Astrid Desbordes (text), Pauline Martin (illus.), translated from the French by Linda Burgess. Travels of an Extraordinary Hamster Gecko Press, June 2015, $AU18.99/$NZ24.99 (pbk), 128pp., ISBN 978-1-927271-83-4
This graphic novel is a delightfully subtle take on the issue of egotism, that part of all us that sees the bright side of things from a personal perspective, often to the detriment of others and often blind to our own foibles (note the visual play on rosy and blue glasses in the pictures). We are to read the word “extraordinary” in the title with a touch of irony: is hamster a superhero or something of a twit?

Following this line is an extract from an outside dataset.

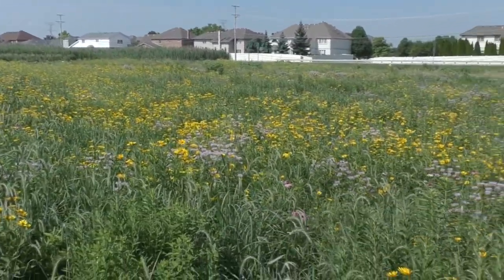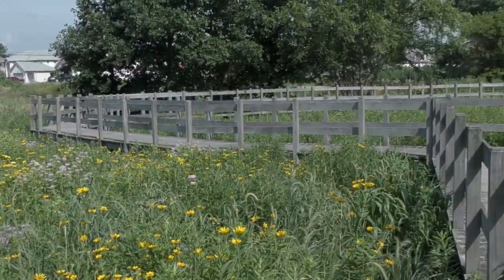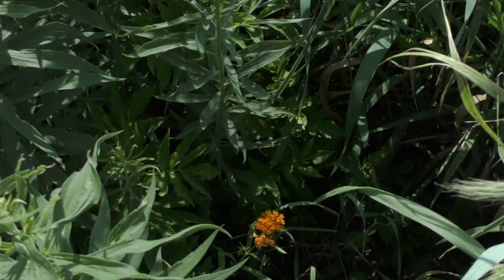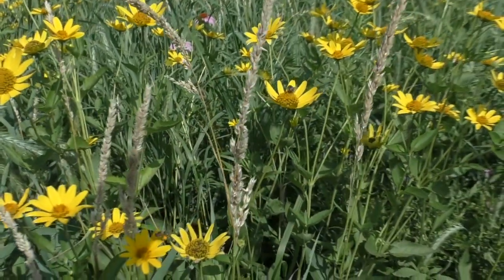In late summer and early fall, purple asters, pink joe pye weed, and yellow goldenrod will add their hues. A lot of people think that goldenrod in the fall causes hay fever, but it doesn't. The culprit is ragweed, which blooms at the same time.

The opening chapter (there are many interwoven storylines here) has an image of a caring community of difference, sitting around and enjoying a picnic. In the background is Hamster, isolated and seemingly contemplative. The speech bubbles reveal the subtlety. Hamster is invited to join the group for a chat and a snack and Hamster states his preference just for the snack. Snail understands that just hearing the voices of loved ones is enough. Hamster simply “steals” the snack and asserts that hearing loved ones can be “too much” and departs. Extraordinary! Told in three pages (as most of the storylines are), the text then focuses on one of Hamster’s cousins (Mole). There is a touch of the grandiose in Hamster’s use of a pair of binoculars, stating, as he peers at the moon, that there are hamsters there and he is going one day to join his cosmic family (bored with the folks in the clearing and bored with Mole’s reflective novel he was given to read). He asserts that not only is Mole blind but losing his mind. Really? Home and away certainly an archetypal image in many coming-of-age stories and so children are invited, in a subtle way, to potentially reflect on self-motivation. What is it that drives us to do what we do? What are the potential consequences? Quiet philosophical reflection is at the heart of this charming book. Recommended.